Since working with Google and Microsoft to support a single format for submission with Sitemaps, we have continued to discuss further enhancements to make it easy for webmasters to get their content to all search engines quickly.
All search crawlers recognize robots.txt, so it seemed like a good idea to use that mechanism to allow webmasters to share their Sitemaps. You agreed and encouraged us to allow robots.txt discovery of Sitemaps on our suggestion board. We took the idea to Google and Microsoft and are happy to announce today that you can now find your sitemaps in a uniform way across all participating engines. To do this, simply add the following line to your robots.txt file:
Sitemap: http://www.example.tld/sitemap.xml

More [ysearchblog.com...]

[edited by: engine at 11:41 am (utc) on April 12, 2007]

sem4u

11:19 am on Apr 12, 2007 (gmt 0)

This is a good move forward by the big three search engines and for the sitemaps protocol.

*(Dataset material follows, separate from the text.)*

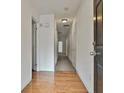 Bright hallway with hardwood floors, neutral walls, and multiple doors leading to various rooms at 4607 Ravenwood Loop, Union City, GA 30291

I was reading about it on a blog covering SES New York but I couldn't find any other mentions of it until I saw this thread on the homepage.

engine

11:40 am on Apr 12, 2007 (gmt 0)

This is going to be so useful. A big thanks to the Search Engines for collaborating on this.

Credit to Ask.com, Google, Microsoft Live Search and Yahoo!

FYI [sitemaps.org...]

indianeyes

11:47 am on Apr 12, 2007 (gmt 0)

Thanks for telling! it is simple to be done.

Achernar

12:24 pm on Apr 12, 2007 (gmt 0)

I was reading about it on a blog covering SES New York but I couldn't find any other mentions of it until I saw this thread on the homepage.

[sitemaps.org...]

BillyS

12:48 pm on Apr 12, 2007 (gmt 0)

Good move, makes it much easier to support one standard.

Bewenched

1:02 pm on Apr 12, 2007 (gmt 0)

Thats great news, but it can also lead the site scrapers to all of your content as well. That's my only fear.

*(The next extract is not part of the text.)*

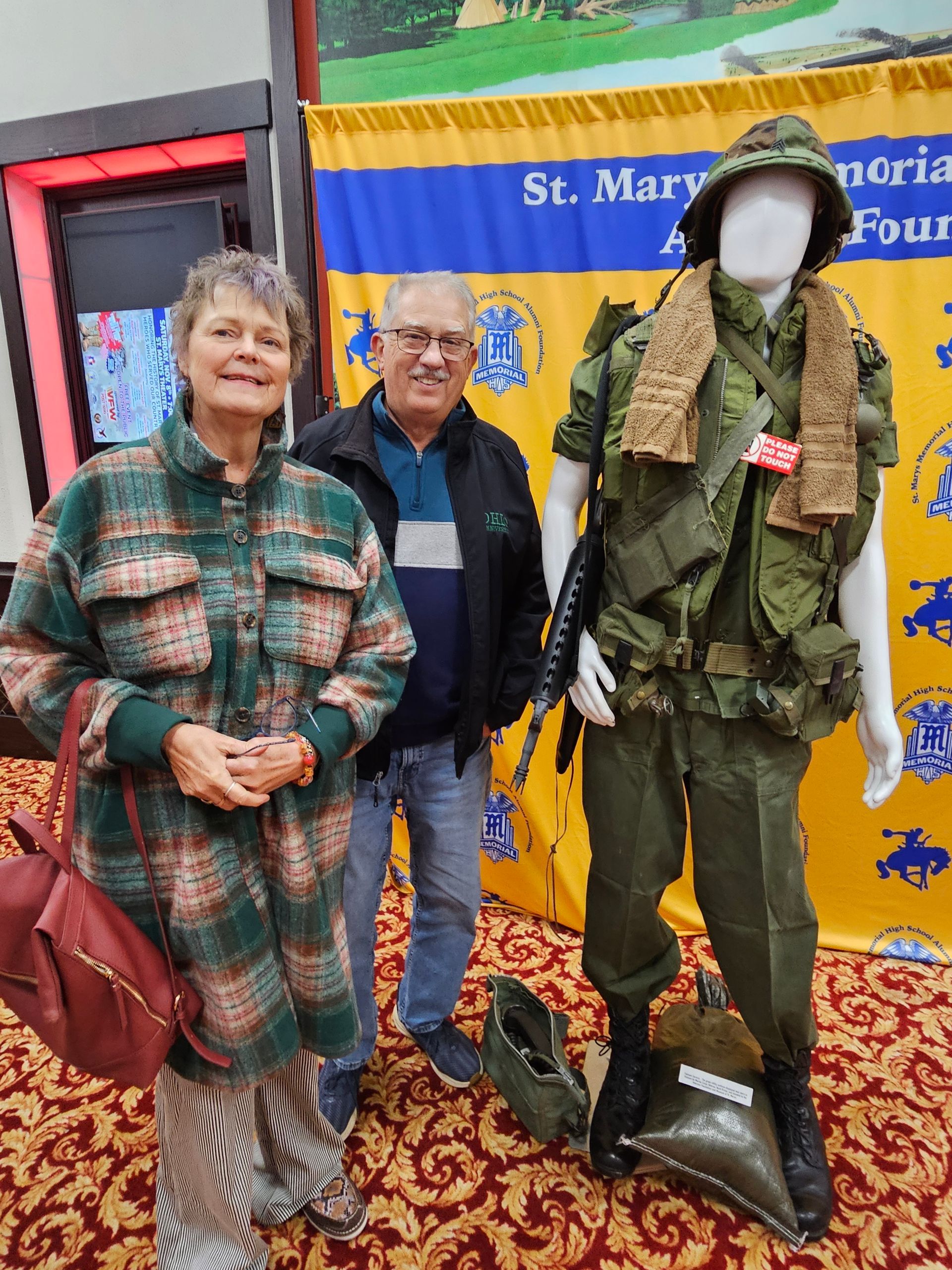 Couple poses beside military uniform display at event.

Also .. google webmaster tools gives an error on thet syntax for the robots.txt file.

Parsing results

Sitemap: http://www.example.com/sitemap.xml

Syntax not understood

[edited by: Bewenched at 1:23 pm (utc) on April 12, 2007]

engine

1:12 pm on Apr 12, 2007 (gmt 0)

Site scrapers already ignore robots.txt, so no need to worry. Just focus on the search engines.

Bewenched

3:19 pm on Apr 12, 2007 (gmt 0)

Site scrapers already ignore robots.txt, so no need to worry. Just focus on the search engines

Yes I know that they ignore the sitemap, but putting this in our robots.txt will give them a complete roadmap to follow.

blend27

3:25 pm on Apr 12, 2007 (gmt 0)

Bewenched, the sitemap.xml could cloacked against IP Ranges. The normal user should not make requests nor looking for it to your sitemap.xml file.
As long as SE's don't provide CASHED Copy it's a cool feature.

Otherwise it is as you say: heaven for scrapers,

but then again: too many requests(2 is toooo many) with no JS and NO Images: 1 warnning, then Block and wait till the next episode....

Clark

4:57 pm on Apr 12, 2007 (gmt 0)

As long as SE's don't provide CASHED Copy it's a cool feature.

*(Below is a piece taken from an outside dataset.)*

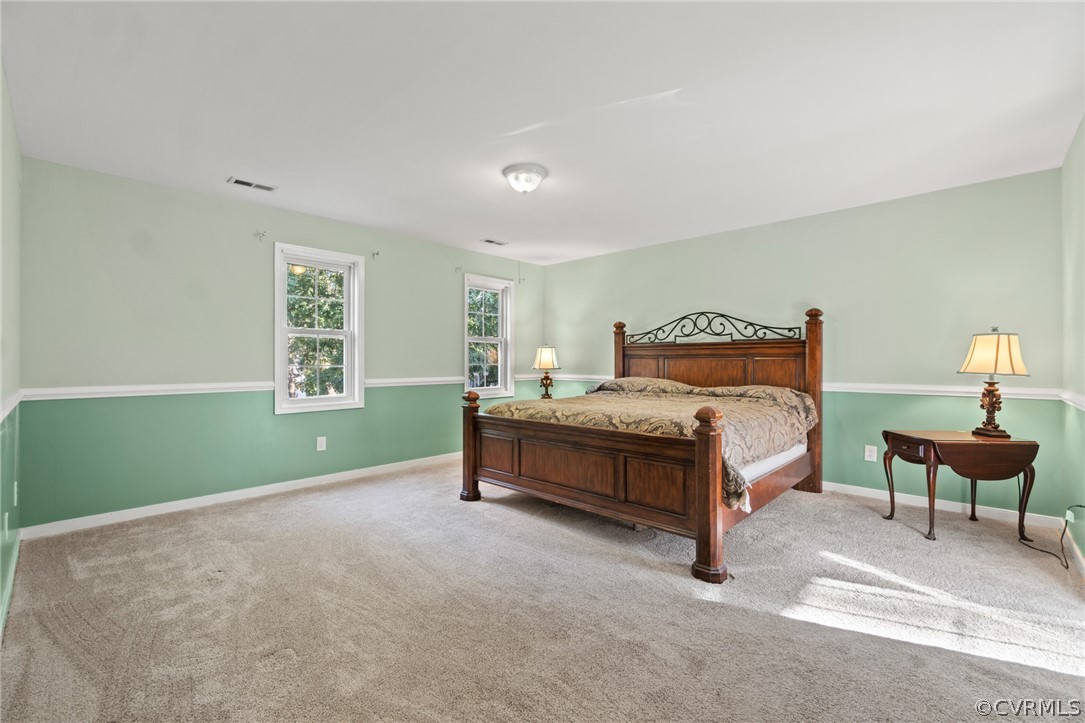 3704 Pease Road Midlothian, VA 23112 - Photo 32 of 50 a bedroom with a bed chair and a window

CASHed copy, I like it. I'd like a cash copy of my robots.txt please :)

But seriously, what's with xml all the time? Does anyone like xml?

[edited by: Clark at 4:58 pm (utc) on April 12, 2007]

blend27

5:17 pm on Apr 12, 2007 (gmt 0)

ye, it shouldnt be CASHed or CACHed, right Clark? :)

latimer

7:45 pm on Apr 12, 2007 (gmt 0)

What would be the advantage or disadvantage of using this .xml feed for yahoo rather than submitting txt map as discussed here:
[submit.search.yahoo.com...]

System

8:09 pm on Apr 12, 2007 (gmt 0)

redhat

The following message was cut out to new thread by goodroi. New thread at: robots_txt/3310606.htm [webmasterworld.com]
2:24 pm on April 13, 2007 (utc -5)

StupidScript

1:33 am on Apr 13, 2007 (gmt 0)

What would be the advantage or disadvantage of using this .xml feed

For one, Yahoo, Google, MSN, Ask and IBM are all supporting this same method. For another, it is included in the robots.txt file, which all of them hit first, and so makes it easier for them to find your sitemap.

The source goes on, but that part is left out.